いまだにリメイクされ続けている「宇宙戦艦ヤマト」など、数多くの名作を生み出してきた漫画家の松本零士氏(75)。SF漫画の金字塔として語り継がれるヤマトだが、アニメ版の「ラストシーン」には、拭いがたい挫折とこだわりがあったのだ。
アニメ版「ヤマト」の最終話、ガミラス帝国を倒し地球へ向かうと画面にエンドマークが出る。ところが場面は続き、放射能汚染されていた真っ赤な地球が青さを取り戻し、ヤマトの飛行音だけがかすかに聞こえてくる。あの印象的なラストは、松本氏本人がこだわったラストシーンだった。
「アニメ『ヤマト』のラストシーンですが、エンディングテーマも流れず終わる手法。あれは僕のアイデアなんです」
74年に放送されたアニメ版「宇宙戦艦ヤマト」は、裏番組のアニメに比べ視聴率も低迷。さらには、制作費がかさんだことで打ち切りという屈辱を味わった。
「もともと36話のはずが、26話で打ち切られたんです。理由は制作費が赤字だったこと。ショックだった。でもこれは修行だと思うようにしました。この直後、書き始めた『999』の原稿を5話分だけ編集者に渡し、気持ちを整理する意味で、アフリカに旅立ちました」
「少年キング」でスタートした「銀河鉄道999」も最初の第5話までを掲載して、人気が出なければ打ち切りになると決まっていた。しかし、松本氏は平静を保ってはいられない。そこで、気分転換を兼ねてケニアを訪れたという。
「サバンナで360度広がる広大な大地を目の当たりにして、『俺が生まれる前から大地はここにある。俺が死んだあともある。視聴率が、人気が何だ。そんなことは小さい問題だ』と。それ以来、そういう絶望感はきれいに吹き飛びました」
帰国した松本氏を待っていたのは、「999」の大ヒットだった。
「日本に帰ったら編集者に『「999」はすごく好評。好きなだけ連載してもいいよ』と言われまして‥‥。打ち切りの恐怖はどんな漫画家でも味わうもの。しかしそれも修行の一つ。それでも諦めない不屈の精神が、漫画家には必要なんです」
そして、打ち切られた「ヤマト」もその壮大なスケールと、子供向けというアニメの既成概念を超えた大人向けの設定で、じわじわと人気が広がり、劇場版も製作され大ヒットの結果に。翌年には第2弾映画も製作された。

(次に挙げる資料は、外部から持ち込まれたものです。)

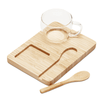 A bamboo tray with a clear glass cup and a wooden spoon. The set is minimalistic and natural in style.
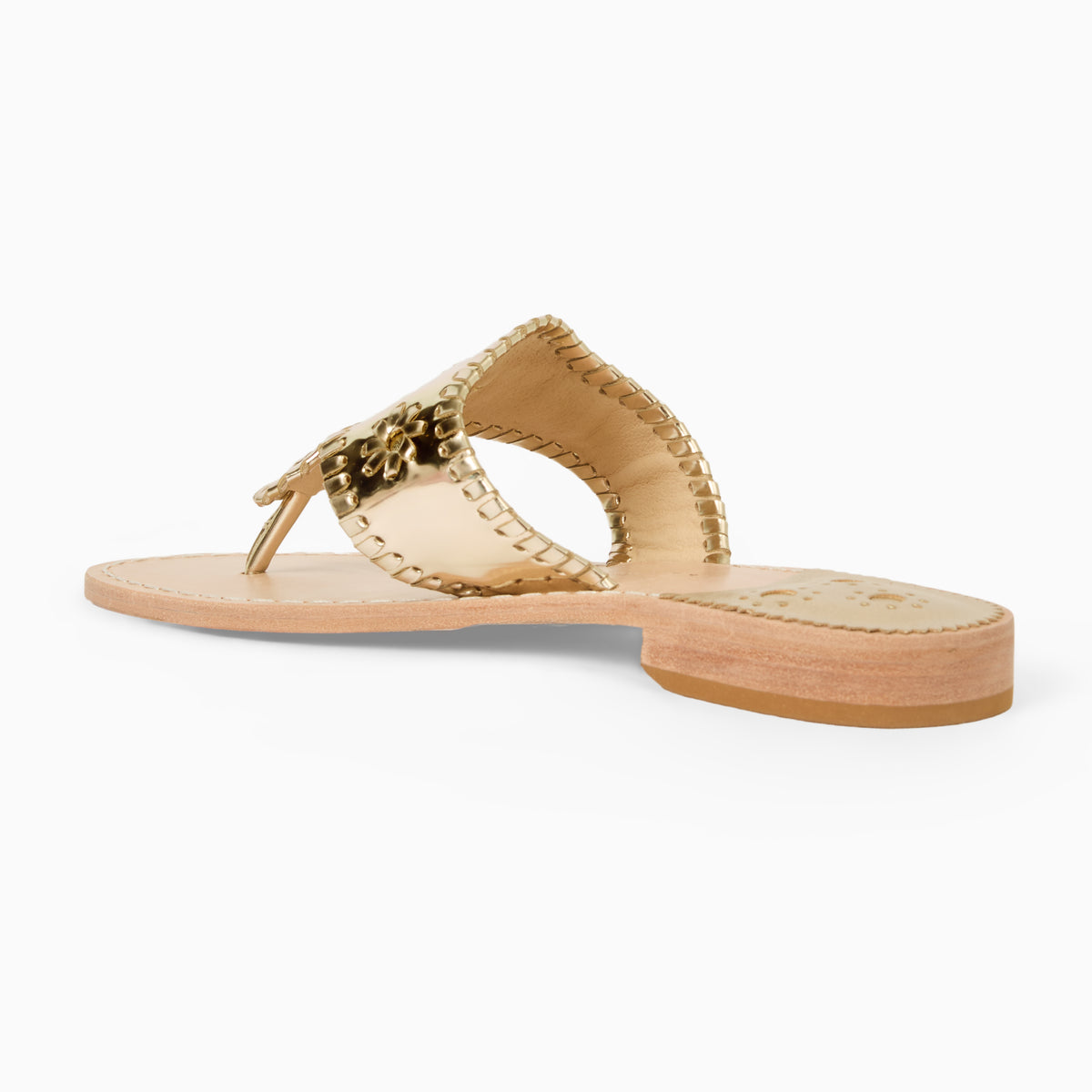 A single flat thong sandal shown in side profile on a clean white background. The sandal features metallic gold whipstitch strap with a decorative gold Rondell medallion, a light tan leather footbed, and a low stacked heel.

松本氏は、個性的なキャラクターについて、意外な裏話を教えてくれた。
「実は、僕の漫画の登場人物のほとんどの名前は兄弟、親戚、知人から取っています。例えば『ヤマト』の古代進は弟の名前だし、ヒロインの森雪は、当時熱心にファンレターを送ってくれた女性の名前からヒントを得ました。他の漫画の登場人物も、小学校の同級生や先生から名前を拝借しています」
さらに、全ての松本作品は「最終回」を迎えていないという。
「私の中では『999』や『ヤマト』も含め、全ての物語が終わってないんです。私の描く漫画の登場人物は、実は先祖や子孫がつながっているんです。例えば『999』の主人公・星野鉄郎。鉄郎の先祖は『男おいどん』の大山昇のぼ太ったです。さらに先祖が漫画『ガンフロンティア』のトチロー、そして同じ漫画に出てくる早撃ちの名手ハーロックが、『宇宙海賊キャプテンハーロック』のキャプテンハーロックの先祖です。こうしてお互いの先祖同士が違う漫画で出会っている。何千年も、何万年も宇宙を越えて、私の作品は巨大な一つの物語なんです。これが全部一つにまとまった時、最終回となる。私の頭の中にはすでにその構想もありますが、今はまだ描きたくない。終わりを描くと、それで自分も終わってしまう気もするから」
松本作品は、新たな話が生み出されるたびに登場人物にその血が受け継がれていく。
「『999』をはじめ、私の作品のタイトルには数字がたくさん出てきます。999というのは1000には満たない未完成の数字。私は、人生は未完成でよいと思っています。もう一歩、あと一歩と完成に近づくために人生がある、それが私の考え方の軸になっているのです」
実は、全て未完成だったという松本作品。その壮大な世界観こそが我々を楽しませてくれているということのようだ。